168. Memorandum of Conversation1


  • ABM Systems


  • Anatoliy F. Dobrynin, Ambassador, Soviet Embassy
  • Llewellyn E. Thompson, Ambassador-at-Large, Department of State

I referred to the conversation I had had with the Ambassador yesterday on the subject of ABM Systems.2 I said I had looked up the record and [Page 406] had been surprised to find that I had forgotten that following his conversation with Mr. Foster on March 17, the Secretary had told him in my presence the following day that we would be glad to discuss this matter quietly with the Soviet Union on a bilateral basis.3

The Ambassador pointed out that this was still not a reply to his remarks to Mr. Foster.

I said that in any event, I was authorized to tell him that the President would like nothing better than an agreement on this subject that would hold.4 When the Ambassador pointed out that this statement when translated into Russian would not be clear, I agreed he could say that the President would like nothing better than an effective agreement on this subject.

I continued that we recognized that an agreement would have to cover ICBMs as well as ABMs. I said there were problems that would have to be discussed such as what to do about submarines, if the agreement rested on unilateral means of verification. I said the same might be true for mobile launchers. I said I could tell him that we had already spent four billion dollars on research and development of an ABM System and could now proceed to manufacture and deploy, but said that this would involve an enormous cost. He interjected that according to newspaper reports this could amount to 30 or 40 billion dollars. I said that the cost would depend upon how big a deployment was made but that it could run as high as he had indicated. I said that if we both spend these enormous sums, we would probably both end up still able to inflict terrible damage on the other and we would be prepared to discuss what we could do to avoid this great cost when we both had many other uses for our resources.

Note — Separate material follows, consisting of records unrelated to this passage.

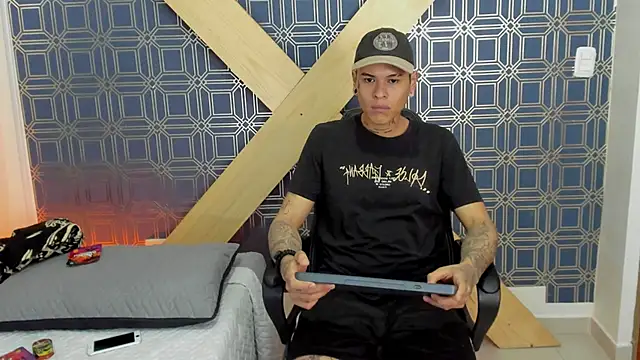 Snapshot of jamesinked_ chatting on January 9, 2025, 3:44 pm jamesinked  online show from January 9, 2025, 3:44 pm
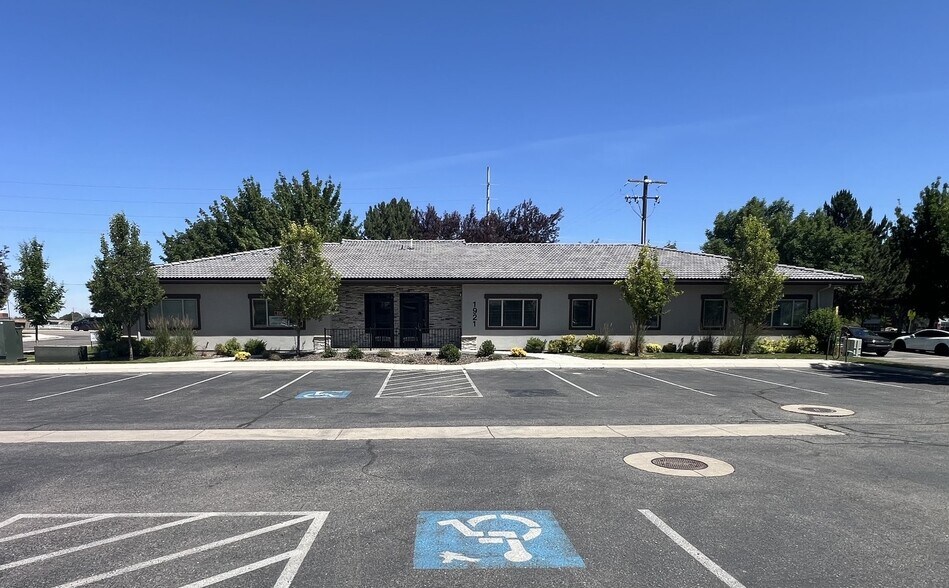 Primary Photo Of 1921 E Overland Rd, Meridian Office For Lease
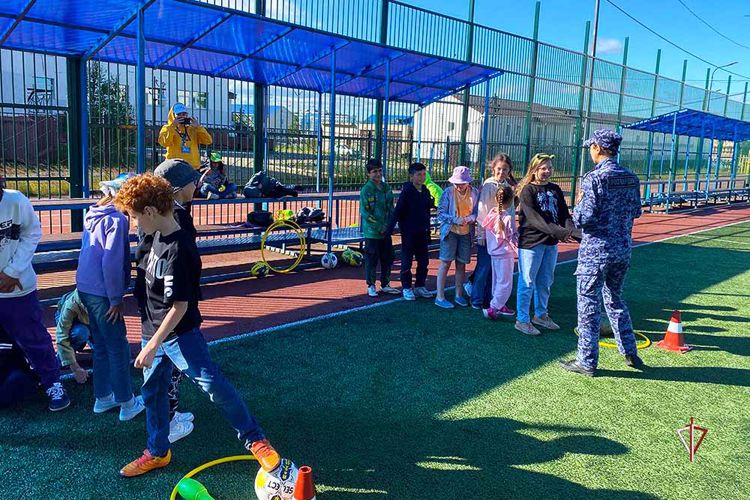 Росгвардия провела спортивную эстафету для школьников на Ямале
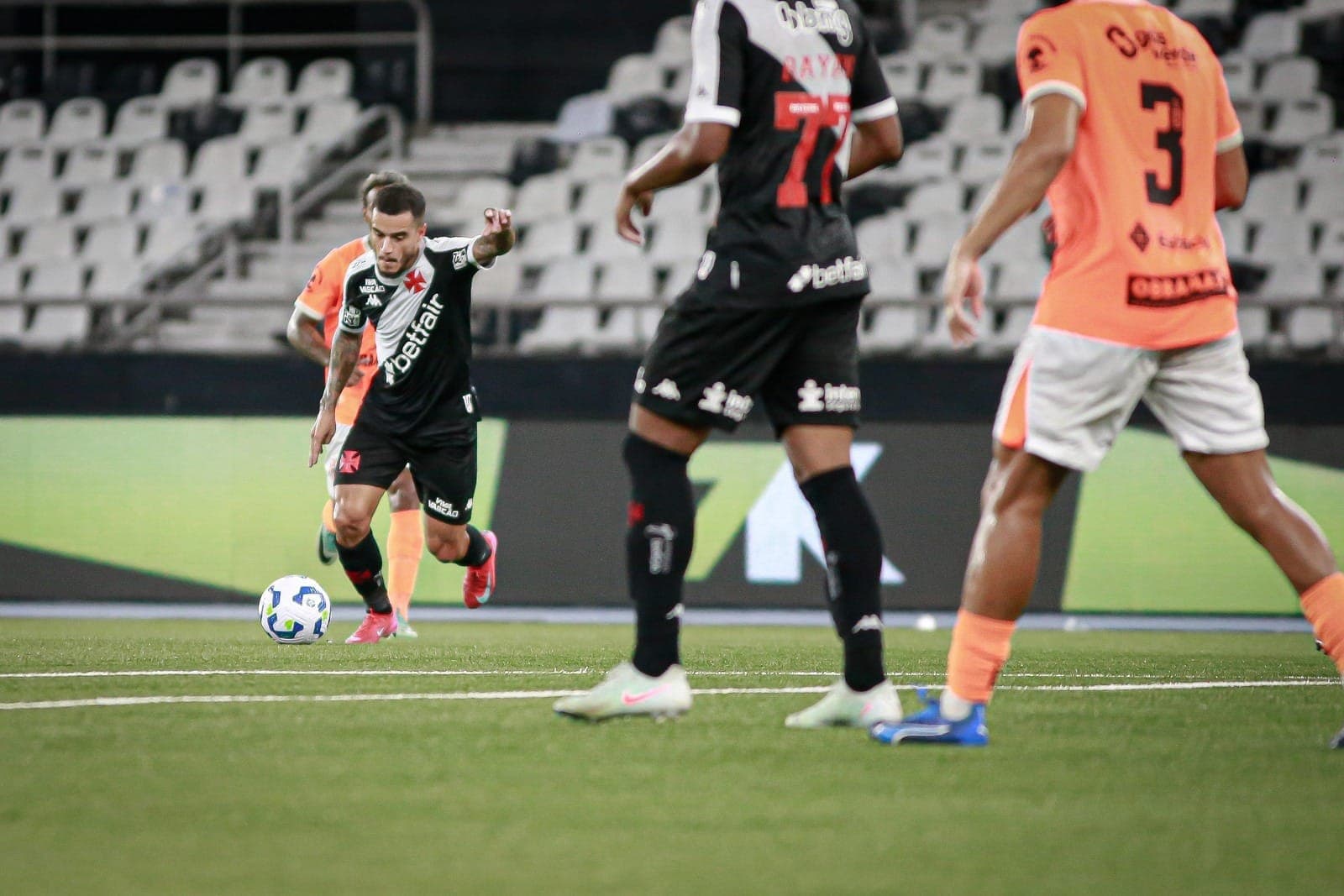Coutinho faz golaço e Vasco vence o Nova Iguaçu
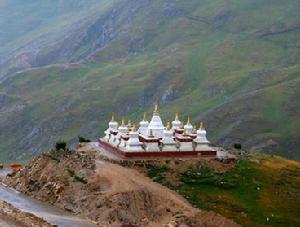 措宗貢巴寺 措宗貢巴寺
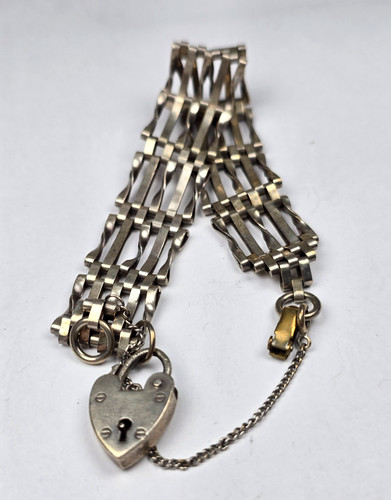 Vintage english gate bracelet - english,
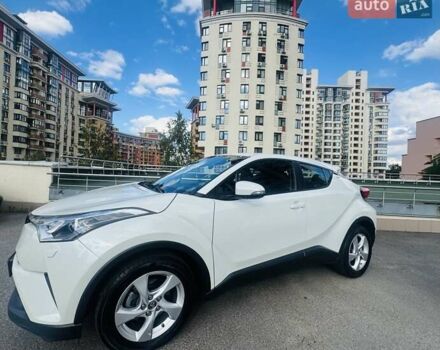 Білий Тойота C-HR, об'ємом двигуна 1.2 л та пробігом 100 тис. км за 18500 $, фото 5 на Automoto.ua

I said that we would be glad to have the Soviet Union’s ideas on what channels should be used for discussion of this subject and when. I pointed out that there were several complications. One was that the Secretary would not return until December 185 and that he was very much concerned and interested in this subject. I also pointed out that the [Page 407] Ambassador’s return to Washington was also uncertain. I pointed out that we had not taken up this subject with our Allies and that because of the Ambassador’s departure, we had moved very fast on this matter and that I could not be very precise about our thinking.

Speaking personally, it occurred to me that it would be possible to have a formal agreement, but also that a tacit understanding might be possible in which each of us would refrain from deployment unless we concluded that the other side was going ahead.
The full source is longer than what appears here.